The heyday of the kouros was between 580BC and 480 BC.

 

The kouros was an important marker and maintainer of an order threatened by a strong collective anxiety about chaos and disorder. Pollitt (Art and Experience in Classical Greece, 1972) argues that the Archaic period was not, as if often imagined, ‘a happy springtime of Western civilization.’ In this context, he argues that the figure of the kouros transcends ‘ the imperfect world of everyday experiences and [is] unaffected by its travails’ (p.15)

 

The kouroi were an expression of a strong homogenising force of conformity – the ‘over-riding characteristic [of the small city-states of the Archaic Period] was the pressure exerted on the individual citizen to merge his interests in those of the group’ (p.10)

 

The expanding Persian Empire threatened and eventually conquered and crushed the upstart city-states of the Eastern Mediterranean in 494 BC. Only the remarkable Greek victory over the Persian navy in 480 BC restored a semblance of confidence that prefigured the emergence of the Classical period.

 

The Archaic is often seen as ending with the creation of the Kritian Boy in 480 BC. Kenneth Clark hails it as ‘the first beautiful nude in art’ (see Spivey, 1996 Understanding Greek Sculpture: Ancient Meanings – Modern Readings, Thames and Hudson.)

 

 

Spivey labels the Kritian Boy the ‘cover boy’ of the Greek Classical Art Revolution as defined by modernism. He adds that this is part of a greater project of Western writing and culture that sought to construct a connection between the ‘perfection’ of Classical ancient Greece and individual liberty from the 18th century onwards in Western Europe (p.21.

Actium kouros C.550 BC Marble (Louvre Museum, Paris)
Actium kouros C.550 BC Marble (Louvre Museum, Paris)

Artistic Contexts

 

Spivey (above) argues that the Greek Revolution reacted against three millennia of autocratic Egyptian rule that had ordered the production of an ‘entirely predictable art.’ (p.26)

 

‘One ingredient of this revolution was the battle of three-dimensional art against two-dimensional Oriental styles.’ Ibid 29.

 

Spivey also mentions the commonplace existence of pederasty as in the courtship of young men by their elders.
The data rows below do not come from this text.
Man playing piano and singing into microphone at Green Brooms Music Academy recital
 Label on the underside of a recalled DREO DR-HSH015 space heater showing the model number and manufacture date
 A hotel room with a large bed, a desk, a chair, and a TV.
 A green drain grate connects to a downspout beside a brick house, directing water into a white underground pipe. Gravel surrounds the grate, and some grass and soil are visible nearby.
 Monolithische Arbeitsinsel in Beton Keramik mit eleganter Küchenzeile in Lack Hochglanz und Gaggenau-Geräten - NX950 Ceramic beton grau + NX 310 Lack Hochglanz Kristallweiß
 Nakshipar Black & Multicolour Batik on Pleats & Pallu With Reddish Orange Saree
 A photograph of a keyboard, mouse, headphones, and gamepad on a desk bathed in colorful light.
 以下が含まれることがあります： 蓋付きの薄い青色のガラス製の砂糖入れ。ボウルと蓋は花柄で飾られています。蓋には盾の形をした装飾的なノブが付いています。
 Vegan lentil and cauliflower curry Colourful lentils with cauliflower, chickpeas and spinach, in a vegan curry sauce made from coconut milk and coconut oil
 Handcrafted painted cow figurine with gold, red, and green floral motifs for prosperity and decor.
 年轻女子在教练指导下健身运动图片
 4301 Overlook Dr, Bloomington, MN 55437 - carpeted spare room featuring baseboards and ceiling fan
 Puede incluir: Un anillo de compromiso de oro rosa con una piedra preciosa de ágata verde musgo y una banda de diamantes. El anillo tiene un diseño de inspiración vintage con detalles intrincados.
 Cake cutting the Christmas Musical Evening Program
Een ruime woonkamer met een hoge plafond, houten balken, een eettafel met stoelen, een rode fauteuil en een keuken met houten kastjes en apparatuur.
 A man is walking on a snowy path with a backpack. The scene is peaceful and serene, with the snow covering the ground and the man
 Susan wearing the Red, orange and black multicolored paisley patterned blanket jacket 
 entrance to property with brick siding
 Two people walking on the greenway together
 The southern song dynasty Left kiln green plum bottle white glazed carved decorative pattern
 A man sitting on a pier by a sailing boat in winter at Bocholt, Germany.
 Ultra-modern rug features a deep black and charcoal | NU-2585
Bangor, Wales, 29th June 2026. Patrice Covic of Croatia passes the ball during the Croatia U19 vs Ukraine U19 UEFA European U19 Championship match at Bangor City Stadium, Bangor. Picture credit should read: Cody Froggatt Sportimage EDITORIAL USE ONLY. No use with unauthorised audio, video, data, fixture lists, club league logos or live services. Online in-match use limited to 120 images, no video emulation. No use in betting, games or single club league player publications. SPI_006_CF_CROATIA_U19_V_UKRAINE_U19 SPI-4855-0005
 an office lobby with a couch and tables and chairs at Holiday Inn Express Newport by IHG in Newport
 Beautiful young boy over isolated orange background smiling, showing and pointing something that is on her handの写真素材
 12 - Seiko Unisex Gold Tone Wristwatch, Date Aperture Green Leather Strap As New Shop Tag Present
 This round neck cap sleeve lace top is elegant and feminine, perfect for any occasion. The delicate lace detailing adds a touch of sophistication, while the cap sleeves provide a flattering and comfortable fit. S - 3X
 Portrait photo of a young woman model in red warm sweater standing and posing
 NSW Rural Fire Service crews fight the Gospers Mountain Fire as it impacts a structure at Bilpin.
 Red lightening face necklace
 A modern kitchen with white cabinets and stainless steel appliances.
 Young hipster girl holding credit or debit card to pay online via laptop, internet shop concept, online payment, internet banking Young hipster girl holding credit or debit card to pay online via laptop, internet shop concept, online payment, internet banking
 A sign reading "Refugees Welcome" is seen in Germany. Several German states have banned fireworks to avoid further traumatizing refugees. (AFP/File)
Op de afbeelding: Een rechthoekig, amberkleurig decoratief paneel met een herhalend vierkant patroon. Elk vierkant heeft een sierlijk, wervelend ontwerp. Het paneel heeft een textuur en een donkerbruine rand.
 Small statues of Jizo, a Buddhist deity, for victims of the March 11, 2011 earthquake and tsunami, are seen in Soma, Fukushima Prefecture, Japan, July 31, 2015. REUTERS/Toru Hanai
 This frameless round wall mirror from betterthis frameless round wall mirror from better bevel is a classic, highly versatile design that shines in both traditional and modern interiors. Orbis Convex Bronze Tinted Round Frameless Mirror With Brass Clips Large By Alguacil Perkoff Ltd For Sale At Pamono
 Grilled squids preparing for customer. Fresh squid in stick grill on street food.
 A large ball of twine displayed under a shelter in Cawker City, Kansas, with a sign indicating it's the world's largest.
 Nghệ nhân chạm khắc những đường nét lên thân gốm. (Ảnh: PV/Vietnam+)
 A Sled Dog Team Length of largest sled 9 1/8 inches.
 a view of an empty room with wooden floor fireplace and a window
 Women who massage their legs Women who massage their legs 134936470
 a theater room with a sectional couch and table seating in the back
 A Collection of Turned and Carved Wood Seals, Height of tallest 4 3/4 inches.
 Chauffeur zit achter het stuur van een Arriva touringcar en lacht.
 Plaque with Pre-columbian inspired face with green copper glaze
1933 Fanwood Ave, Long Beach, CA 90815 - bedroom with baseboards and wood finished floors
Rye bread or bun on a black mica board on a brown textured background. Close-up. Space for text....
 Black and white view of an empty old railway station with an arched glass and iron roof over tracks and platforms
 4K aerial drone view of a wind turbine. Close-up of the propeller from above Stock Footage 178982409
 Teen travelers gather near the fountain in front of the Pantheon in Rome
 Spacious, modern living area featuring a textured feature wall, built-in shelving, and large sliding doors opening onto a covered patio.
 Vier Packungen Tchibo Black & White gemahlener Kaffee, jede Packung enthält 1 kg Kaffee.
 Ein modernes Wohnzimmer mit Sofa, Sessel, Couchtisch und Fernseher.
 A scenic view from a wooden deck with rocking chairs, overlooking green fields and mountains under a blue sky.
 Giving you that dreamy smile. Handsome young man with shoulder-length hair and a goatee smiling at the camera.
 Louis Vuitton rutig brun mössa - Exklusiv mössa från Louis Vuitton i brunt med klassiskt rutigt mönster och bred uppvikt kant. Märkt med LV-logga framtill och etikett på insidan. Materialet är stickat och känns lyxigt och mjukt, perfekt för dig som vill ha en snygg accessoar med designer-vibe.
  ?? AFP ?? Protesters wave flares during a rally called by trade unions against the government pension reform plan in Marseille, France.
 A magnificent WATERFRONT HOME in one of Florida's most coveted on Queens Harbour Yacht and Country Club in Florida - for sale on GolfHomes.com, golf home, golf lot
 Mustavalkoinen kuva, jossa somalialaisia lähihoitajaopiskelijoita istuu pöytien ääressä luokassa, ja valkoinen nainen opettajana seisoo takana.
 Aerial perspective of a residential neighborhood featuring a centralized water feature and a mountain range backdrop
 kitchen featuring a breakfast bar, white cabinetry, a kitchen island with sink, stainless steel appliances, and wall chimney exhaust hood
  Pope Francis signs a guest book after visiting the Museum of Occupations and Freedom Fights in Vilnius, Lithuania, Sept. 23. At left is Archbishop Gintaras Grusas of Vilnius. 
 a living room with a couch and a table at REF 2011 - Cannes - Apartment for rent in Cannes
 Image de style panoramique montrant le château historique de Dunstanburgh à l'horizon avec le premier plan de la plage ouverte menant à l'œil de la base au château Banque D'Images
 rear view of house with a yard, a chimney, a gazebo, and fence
He notes the existence of male beauty cults - euandria – that celebrated 'fine manliness' and understood ‘a beautiful mortal [to be] pleasing in the eyes of gods’ (p.36).

Sounion Kouros 590-580BC National Archeological Museum Athens (Courtesy Adam Carr @ Wikimedia)
Sounion Kouros 590-580BC National Archeological Museum Athens (Courtesy Adam Carr @ Wikimedia)

The Kritian Boy is an athlete with a ‘taut but not over-muscled body’, a ‘pert bottom’ and a ‘clean jaw’. He has a rather moody set of features and ‘seems to think for himself’. As such to some extent he is ‘his own man’ (p.36).

 

In contrast to Bruenau (2006) (see 'Greek Art' in Sculpture - from Antiquity to the Present Day, Taschen 2006) who tries to plot out a linear movement towards realism based on the increasing skills of Greek craftsmen Spivey see the achievement of the Classical nude as something other than a triumph of skill and perception.

 

The Classical male was almost oppressively exemplary – standing for moral integrity, military commitment, civic virtue, athletic prowess, sexual desirability, personal salvation and immortality. (Spivey, p.39)

 

That is quite a lot to live up to. It is also understandable why the emerging imperial powers of the 18th and 19th centuries were so keen to articulate and project themselves within this vision. On this, I walked through the rather quiet and snowbound New Town in Edinburgh recently. It was striking to go from one Romano-Greek statue and building to another where worthies, dressed in nothing but togas in the big freeze, tower above the ordinary citizenry. As if there superior morality and enterprise could protect them from the atrocious weather.

 

As Spivey puts it,

 

Classical beauty was charged with goodness – it had a moral and religious quality of god-laden beauty – kalokagathia (p.39).

 

Kouri were grave markers and votive offerings.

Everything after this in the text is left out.